| Exercise directions |
What lines in the listing below hold the string "Living"? Please copy them out.

| Raw data |

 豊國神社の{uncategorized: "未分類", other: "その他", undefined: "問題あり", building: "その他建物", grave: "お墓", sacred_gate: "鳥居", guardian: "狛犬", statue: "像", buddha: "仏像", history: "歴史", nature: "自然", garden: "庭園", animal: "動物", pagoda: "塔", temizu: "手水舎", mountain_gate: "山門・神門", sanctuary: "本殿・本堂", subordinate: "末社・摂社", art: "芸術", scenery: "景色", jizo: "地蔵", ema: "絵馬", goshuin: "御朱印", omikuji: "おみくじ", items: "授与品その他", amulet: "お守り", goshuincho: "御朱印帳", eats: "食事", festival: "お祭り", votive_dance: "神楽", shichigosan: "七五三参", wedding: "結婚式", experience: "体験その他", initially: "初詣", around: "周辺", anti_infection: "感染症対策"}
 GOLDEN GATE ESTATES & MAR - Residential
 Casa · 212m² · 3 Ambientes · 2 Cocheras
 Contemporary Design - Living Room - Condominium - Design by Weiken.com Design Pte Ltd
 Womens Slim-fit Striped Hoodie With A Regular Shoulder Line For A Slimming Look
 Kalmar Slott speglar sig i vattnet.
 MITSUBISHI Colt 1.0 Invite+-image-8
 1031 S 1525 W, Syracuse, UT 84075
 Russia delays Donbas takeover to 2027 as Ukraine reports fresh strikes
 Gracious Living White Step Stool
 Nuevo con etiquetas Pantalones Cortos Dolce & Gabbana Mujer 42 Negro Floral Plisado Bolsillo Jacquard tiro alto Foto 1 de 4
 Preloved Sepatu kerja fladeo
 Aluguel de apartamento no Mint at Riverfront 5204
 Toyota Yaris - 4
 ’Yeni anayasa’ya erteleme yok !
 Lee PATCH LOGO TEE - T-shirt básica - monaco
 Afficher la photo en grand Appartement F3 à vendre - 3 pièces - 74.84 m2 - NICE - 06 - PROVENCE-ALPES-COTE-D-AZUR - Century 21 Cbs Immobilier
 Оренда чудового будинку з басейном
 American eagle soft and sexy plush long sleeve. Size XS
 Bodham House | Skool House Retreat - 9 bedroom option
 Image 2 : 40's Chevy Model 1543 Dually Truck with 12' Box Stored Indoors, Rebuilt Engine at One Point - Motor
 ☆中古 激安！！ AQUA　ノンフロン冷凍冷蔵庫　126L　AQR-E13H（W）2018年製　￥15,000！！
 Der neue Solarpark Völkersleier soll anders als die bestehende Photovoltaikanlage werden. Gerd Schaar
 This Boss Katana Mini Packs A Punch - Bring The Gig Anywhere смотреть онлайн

| Result for this exercise |
 Contemporary Design - Living Room - Condominium - Design by Weiken.com Design Pte Ltd
 Gracious Living White Step Stool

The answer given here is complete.